Data excerpt -
--- START ---

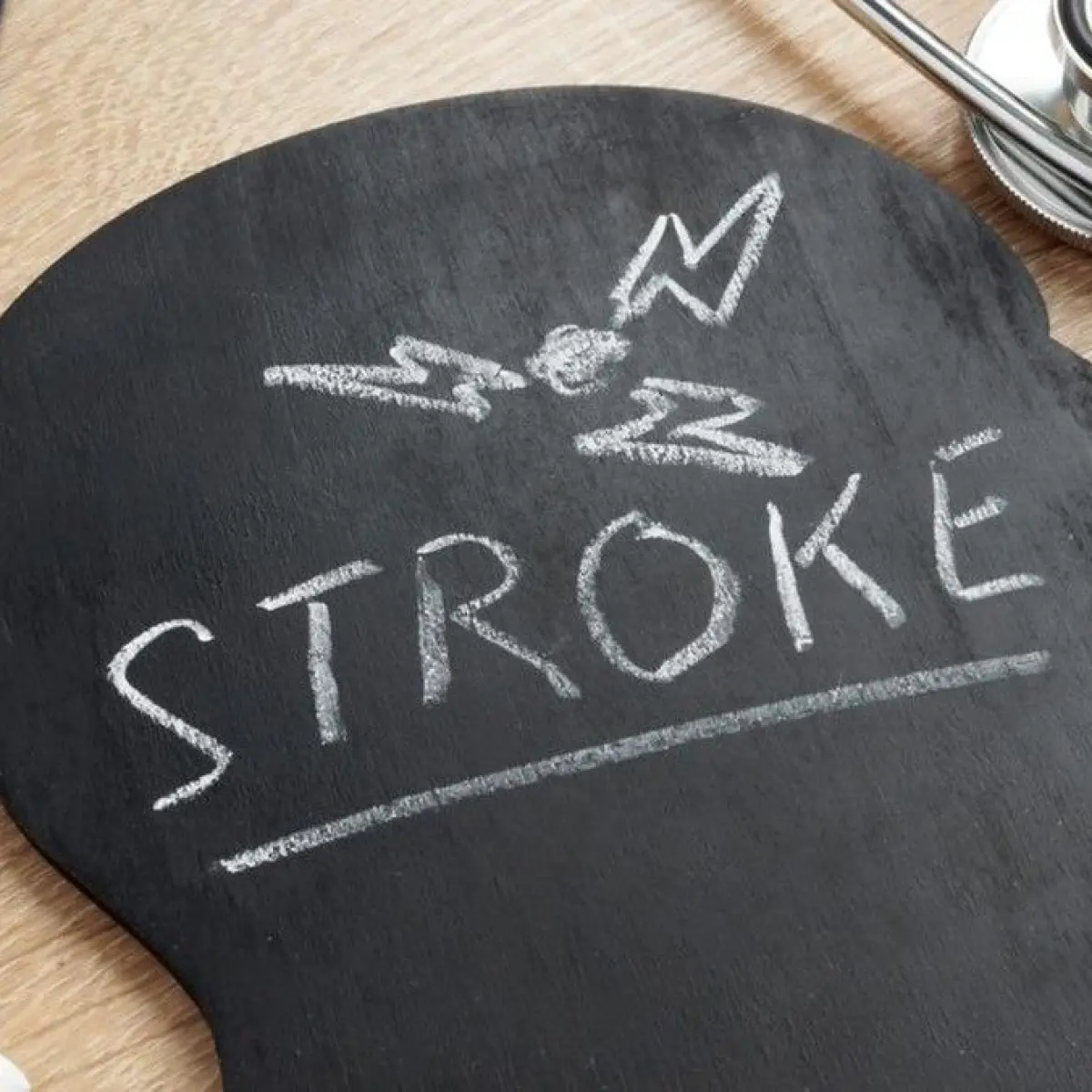 Kejutan Medis: Mahasiswi 22 Tahun Terserang Stroke Akibat Kombinasi Kelainan Jantung dan Kontrasepsi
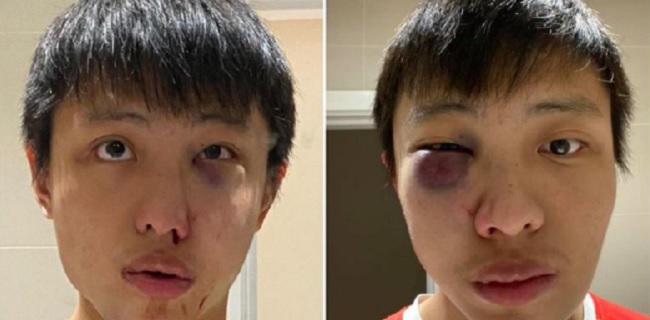 Seruan Bernada  Rasial Karena Corona Virus, Mahasiswa Singapura  Bonyok Dipukuli di London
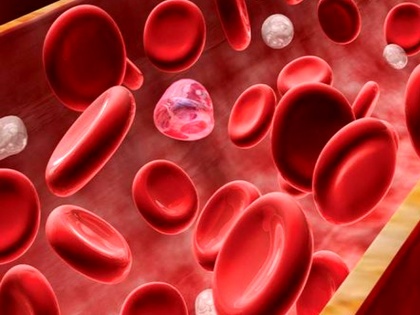 How Much Blood is in your body iron deficiency symptoms iron rich foods to beat anemia in hindi | शरीर में कितना खून होना चाहिए ? खून बढ़ाने के लिए खायें ये 8 चीजें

--- END ---

Problem to work on -
Would you write out all of the data exactly as it stands, without the pictures?

Task solution -
 Kejutan Medis: Mahasiswi 22 Tahun Terserang Stroke Akibat Kombinasi Kelainan Jantung dan Kontrasepsi
 Seruan Bernada  Rasial Karena Corona Virus, Mahasiswa Singapura  Bonyok Dipukuli di London
 How Much Blood is in your body iron deficiency symptoms iron rich foods to beat anemia in hindi | शरीर में कितना खून होना चाहिए ? खून बढ़ाने के लिए खायें ये 8 चीजें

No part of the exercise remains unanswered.